How To Transcribe Documents with Transkribus –
-For training Handwritten Text Recognition technology
-For Scholarly Editions
Last update of this guide: 04/09/2020
Transkribus is a platform for the automated recognition, transcription and searching of historical documents, using Handwritten Text Recognition (HTR+) technology.
Transcripts generated with Transkribus can be:
- Used to train a neural network (“model”) which is capable of automatically recognising printed or handwritten documents
- Enriched and marked-up to serve as the basis for digital editions of documents.
This introduction enables you to either quickly create training data for the automated recognition of your specific documents or to create a transcription for a scholarly edition.
If you already have transcribed documents available and would like to use them as training data for HTR, please consult our HowToUseExisitingTranscriptions guide.
Download the Transkribus Expert Client, or make sure you are using the latest version:
Transkribus and the technology behind it are made available via the following projects and sites:
The Transkribus Platform is provided by the European Cooperative READ-COOP SCE.
Until June 2019 Transkribus was financed as part of the Horizon 2020 READ-project under grant agreement No. 674943.
This guide explains the process of transcribing documents in Transkribus.
These transcripts can be used:
- As training data for a Handwritten Text Recognition (HTR+) model which is capable of automatically transcribing your documents.
- As the basis for a digital scholarly edition.
There is a simple three-step process for transcribing a document in Transkribus:
Step 1: Uploading
- Upload your documents to the Transkribus platform
Step 2: Segmentation
- Run the automated segmentation tool to create baselines for your document.
Step 3: Transcription
- Transcribe the text in the segmented lines.
This form of simple transcription is sufficient for training HTR technology. Note: HTR can work on both handwritten and printed documents. The efficiency of a model will depend on the quality of the training material (your manual transcription), the quality of the images and on how neat or messy the writing is.
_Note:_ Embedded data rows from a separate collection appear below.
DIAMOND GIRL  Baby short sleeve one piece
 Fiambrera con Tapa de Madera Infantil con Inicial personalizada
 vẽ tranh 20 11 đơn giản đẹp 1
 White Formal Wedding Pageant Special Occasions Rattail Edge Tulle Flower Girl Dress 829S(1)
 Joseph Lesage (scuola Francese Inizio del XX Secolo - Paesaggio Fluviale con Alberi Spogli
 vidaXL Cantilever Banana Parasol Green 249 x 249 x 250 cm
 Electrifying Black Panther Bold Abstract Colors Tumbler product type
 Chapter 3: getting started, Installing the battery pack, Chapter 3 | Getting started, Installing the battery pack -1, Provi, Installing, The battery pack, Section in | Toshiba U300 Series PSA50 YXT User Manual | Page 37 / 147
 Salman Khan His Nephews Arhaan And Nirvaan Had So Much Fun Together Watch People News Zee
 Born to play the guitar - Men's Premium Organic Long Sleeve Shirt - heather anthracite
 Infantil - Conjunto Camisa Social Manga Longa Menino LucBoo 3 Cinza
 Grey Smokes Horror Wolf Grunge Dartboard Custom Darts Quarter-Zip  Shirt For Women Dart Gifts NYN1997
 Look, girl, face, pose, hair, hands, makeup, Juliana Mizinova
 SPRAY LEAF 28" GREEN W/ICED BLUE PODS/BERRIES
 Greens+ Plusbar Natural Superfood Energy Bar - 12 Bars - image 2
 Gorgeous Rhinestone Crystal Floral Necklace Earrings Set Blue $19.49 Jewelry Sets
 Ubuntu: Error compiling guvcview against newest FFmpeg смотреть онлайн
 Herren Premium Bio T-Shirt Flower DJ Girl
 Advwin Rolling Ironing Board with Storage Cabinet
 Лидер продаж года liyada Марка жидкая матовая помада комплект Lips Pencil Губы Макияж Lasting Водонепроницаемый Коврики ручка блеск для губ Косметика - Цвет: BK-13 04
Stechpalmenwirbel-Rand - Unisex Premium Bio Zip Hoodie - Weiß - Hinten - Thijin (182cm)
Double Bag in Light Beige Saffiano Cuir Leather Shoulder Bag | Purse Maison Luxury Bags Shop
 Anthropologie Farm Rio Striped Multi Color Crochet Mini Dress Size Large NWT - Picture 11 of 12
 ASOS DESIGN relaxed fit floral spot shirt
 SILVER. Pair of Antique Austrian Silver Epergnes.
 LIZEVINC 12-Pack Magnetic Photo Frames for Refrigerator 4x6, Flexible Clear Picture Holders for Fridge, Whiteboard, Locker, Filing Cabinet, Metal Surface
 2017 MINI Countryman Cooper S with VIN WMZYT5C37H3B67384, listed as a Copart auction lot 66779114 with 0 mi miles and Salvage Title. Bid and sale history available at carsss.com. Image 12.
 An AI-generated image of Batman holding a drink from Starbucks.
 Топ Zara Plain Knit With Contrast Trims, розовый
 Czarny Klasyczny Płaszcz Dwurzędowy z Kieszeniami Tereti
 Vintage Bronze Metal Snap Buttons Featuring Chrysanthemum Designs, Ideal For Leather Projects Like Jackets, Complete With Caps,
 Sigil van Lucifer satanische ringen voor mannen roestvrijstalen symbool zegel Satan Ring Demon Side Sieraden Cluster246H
There are also advanced transcription options for those working on scholarly editions. You can adjust the reading order of the text, use historical characters, add tags and metadata, expand abbreviations and more.
Upload documents to Transkribus
- In order to be able to run the necessary tools on your documents they need to reside on the Transkribus server. This means that you need to upload them to Transkribus.
- Note: All collections and documents in Transkribus are private. Only users authorised by you are able to see your documents. They are not made available to the public.
- To upload click on the “Import Documents” button in the Main menu.
Figure 1 Upload files to your personal collection
- You have four options:
- Upload single document from a local folder:
- This option allows you to upload documents up to 500 MB
- In order to choose this option choose “Upload Single Document”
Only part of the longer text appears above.